Keywords

1 Introduction

Face detection is a classical problem in computer vision, which has been widely studied over the past few decades. However, due to large variations in pose, blur, occlusion and illumination condition, face detection is still confronted with some challenges. Recently, Faster RCNN [1] and its improvement have been demonstrated impressive performance on object detection. Jiang and Learned-Miller [2] just trained a Faster RCNN model and achieved the state-of-the-art performance on FDDB benchmark [3]. Besides, Xiaomi [4] exploited the idea of hard negative mining and iteratively update the Faster RCNN based face detector, and also achieved prominent success. Instead of adding some tricks of training based on Faster RCNN for face detection, this paper proposed a multi-region WR-Inception network model for face detection based on the Faster RCNN framework. Firstly, we utilized multi-region features in Sect. 2.1 to obtain better face representation, and introduced block loss in Sect. 2.2 to enable our model to be robust to occluded faces. Then we adopted WR-Inception network [5] with shallower and wider layers as our base feature extractor. Finally, we applied a new pre-training strategy to learn representation more suitable for face detection, and exploited soft-nms for the post processing. Specially, experimental results show that our method can not only cope with faces with small scale and pose variations, but also handle occlusion and blur.

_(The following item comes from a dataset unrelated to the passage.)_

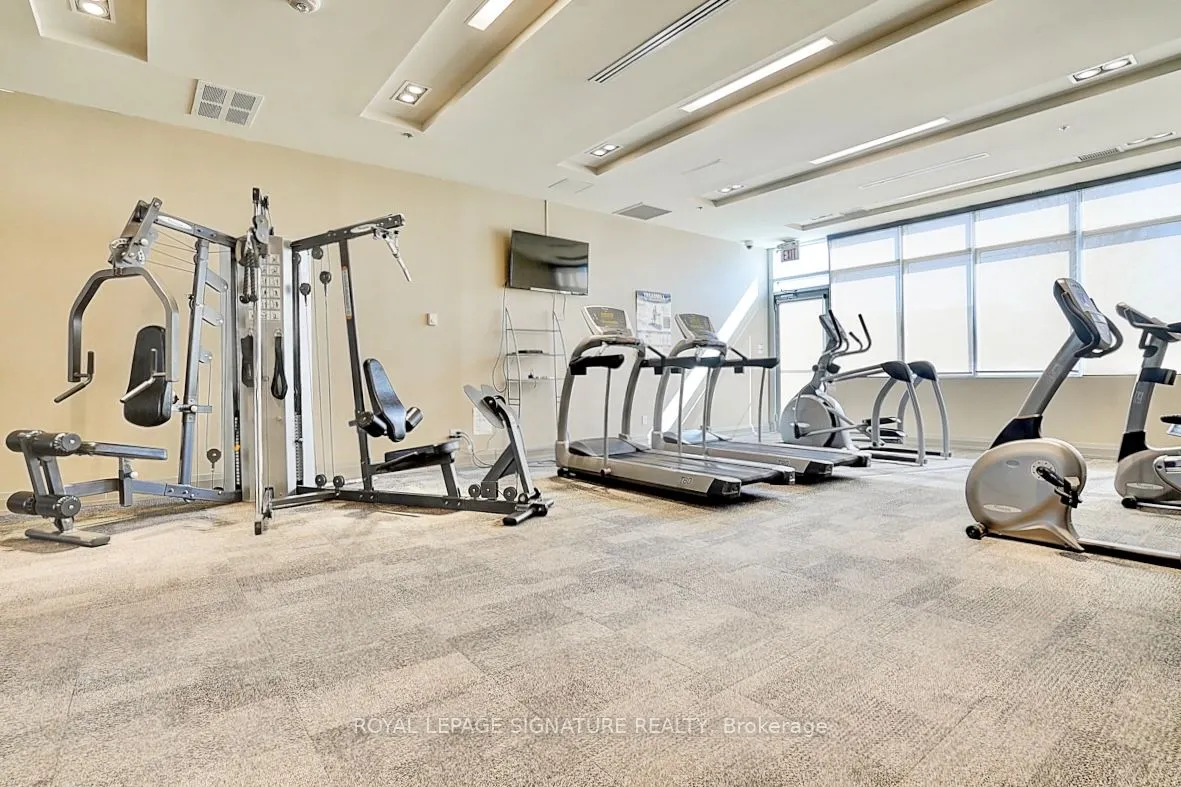 3520 Danforth Avenue, #308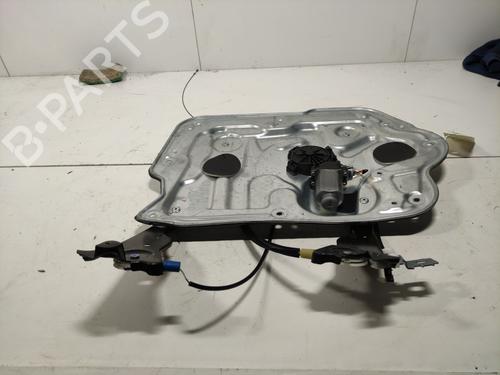 Used Front right window mechanism Front right window mechanism 36751825 36751825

The rest of this paper is organized as follows: Sect. 2 describes our face detector in details. Experimental settings and results are presented in Sect. 3. And conclusions of our paper are drawn in Sect. 4.

2 The Proposed Method

Compared with hand-crafted design pipeline of traditional computer vision approaches, deep learning methods could automatically extract better features from data, and achieve the state-of-the-art performance in many computer vision tasks. One of the lessons learned from this is that feature matters a lot in computer vision. And based on this, better face representation of our method is obtained from two aspects: (1) multi-region features and block loss (2) adoption of WR-Inception network and concatenation of features. The following will discuss the procedure in details.

2.1 Multi-region Feature Extractor

For face detection, face representation should capture not only whole appearance of a face but distinct appearance of different face parts and contextual appearance. And we believe that such rich representation would help face detector to improve performance under complex conditions. In order to achieve this, we proposed a multi-region model including six regions, each of which focused on a different part of a face to collect discriminative face representations. We will describe six regions in Fig. 1.

Fig. 1.
figure 1

Illustration of six regions used in our model (Red rectangles represent the original RoI, and green rectangles represent the regions proposed in this paper) (Color figure online)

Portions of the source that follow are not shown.